The Coalition parties are facing into that contest from starkly different perspectives.
Fine Gael has begun to put on support at exactly the right time in the electoral cycle, and if it can keep up the momentum it stands to put in a good performance or possibly even a great one.
The party’s message is clear and concise. Vote for stability and the continuation of economic recovery.
With growth now roaring ahead at 7 per cent, Fine Gael will do all in its power to keep the focus on the economy and convince voters it is the only party capable of managing it in the years ahead.
By contrast, the Labour Party remains becalmed at less than half the support it won in 2011, and so far there has been no sign of a significant swing back to the party as the election moves ever closer, despite the litany of good economic news.
There are now some signs that panic is beginning to take hold in the Labour ranks, with a number of TDs saying they should not go back into government with Fine Gael unless they win at least 15 seats.
The one sure thing is that if Labour panics when the starting gun for the election goes off and presents the electorate with confused signals about what it intends to do in the aftermath, the result truly will be a disaster.
It must be galling for Labour that it has not benefited from the economic upturn but has suffered the blame for the tough decisions that were required to underpin it.
Minister for Public Expenditure and Reform Brendan Howlin played a key role in getting public spending under control, but the glory for the country's increasingly healthy budgetary position usually goes to Minister for Finance Michael Noonan.
However dispiriting it must be to see Fine Gael getting the lion’s share of the credit for the recovery, the worst thing Labour could do at this stage would be to give voters the impression that it might not go back into government even if the Coalition parties have the numbers.
Balance and stability
If that impression takes hold Fine Gael will have the stability argument all to themselves.
The Labour argument that its presence in government is required to provide balance and stability is a subtle one which has not yet got much traction with the electorate. The challenge of the campaign will be to find a way to sell that message.
Fianna Fáil has an equally difficult message to sell. The party is hoping to double its number of seats to about 40. It doesn't want to go into coalition with either Fine Gael or Sinn Féin, whatever the outcome. However, by effectively ruling itself out of government it risks marginalising itself.
In last year’s local elections Fianna Fáil managed to do much better than its standing in the polls had indicated. The party is hoping to confound expectations again with the strength of local candidates, but the general election will be a far more testing experience.
Like Fine Gael and Labour, Fianna Fáil will be trying to appeal to voters who are open to the stability argument, but its problem is that unless it comes up with a clear message about what it will do in the event of a hung Dáil it could leak support to Fine Gael in the run-in to polling day.
The other side of the coin is that the polls indicate that almost half the electorate does not appear to regard that as an important issue at all.

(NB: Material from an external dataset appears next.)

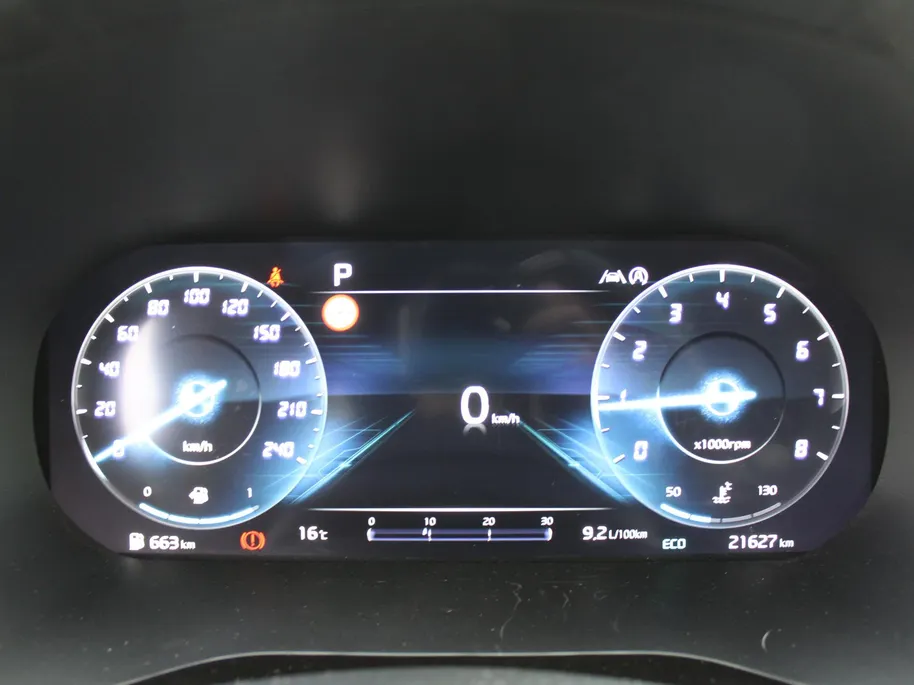 Kia Ceed Sportswagon 1.0 T-GDi MHEV Design Edition | Stuur-/stoelverwarming | Cruise adapt. | Camera | 16' LM | Elek. achterklep | JBL audio | LED |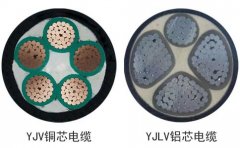 銅芯電纜價格高于鋁芯電纜的原因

The anti-establishment vote appears to be split almost equally between Sinn Féin and a variety of others, including the smaller left-wing parties and a range of Independents of left, right and centre.
Big questions
These forces appeal most strongly to poorer and younger voters, and one of the big questions is whether the traditionally lower turnout among these groups will make for an election result that differs significantly from the polls of the past five years.
Sinn Féin is still vulnerable to concerns about the violent past of the republican movement. The fact that party leader Gerry Adams could not bring himself to condemn the activities of leading republican "Slab" Murphy again brought home the party's ambivalence about the democratic institutions of the State.
As for the smaller parties and Independents, the question is whether the array of candidates will cancel each other out or roll together to elect an Independent in almost all 40 constituencies.
We won’t have to wait much longer to find out.